"L'arte, che esiste per portare armonia, diventa intrattenimento, che esiste per distrarre, e sta diventando totalitarismo, che esiste per censurare e controllare. Il desiderio di esprimersi diventa, in mancanza dell'artista e di fronte al terrificante, il bisogno di reprimere."

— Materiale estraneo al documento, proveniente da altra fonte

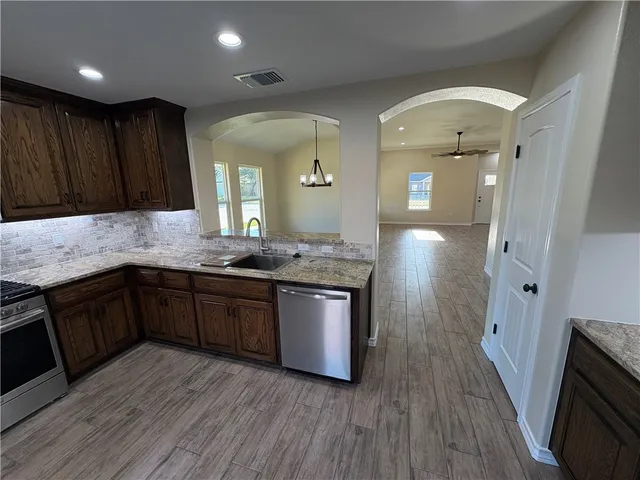 a kitchen with kitchen island granite countertop wooden floors wooden cabinets and stainless steel appliances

David Mamet, I tre usi del coltello
Questa frase del celebre sceneggiatore americano David Mamet mi ha fatto non poco riflettere; non tanto perché essa costituisca una rivelazione, ma perché con poche, chiare parole, fotografa una verità difficile da smentire: l'arte accorpata a concetti come "spettacolo" e "intrattenimento" diventa una realtà depotenziata, privata della sua carica eversiva, e quindi costruttiva. E' un'arte addomesticata quella che stiamo vivendo in Italia (e probabilmente non solo in Italia) oggi. Lo testimonia lo scarso rispetto che un paese come il nostro riserva al suo patrimonio culturale, un bene che anziché essere vissuto nell'ottica del rilancio e delle potenzialità, diventa ultima delle palle al piede, destinatario delle briciole e dell'elemosina di Stato. Le cause di questo mutamento fatale sono tante, troppe, non le so nemmeno io tutte. Provo a dirne una: la televisione privata che ha ucciso quella pubblica distruggendo i contenuti? La mancanza di una sana cultura popolare che offra spunti di riflessione anziché modellarsi sui peggiori istinti del pubblico? Queste sono solo alcune ipotesi. D'altra parte sarebbe meglio togliersi dalla testa che l'arte, e la cultura in senso lato, siano materia di divertimento, se non nel senso etimologico: conquistare il piacere della fruizione artistica è difficile, serve del tempo, e questo diventa un grosso intralcio nel momento in cui l'arte (sia essa musica, pittura, letteratura...) viene ormai comunemente associata alla voce "tempo libero". E quindi libero da riflessione, problematizzazione, capacità di confrontare. In altre parole: libero dall'avere un'opinione.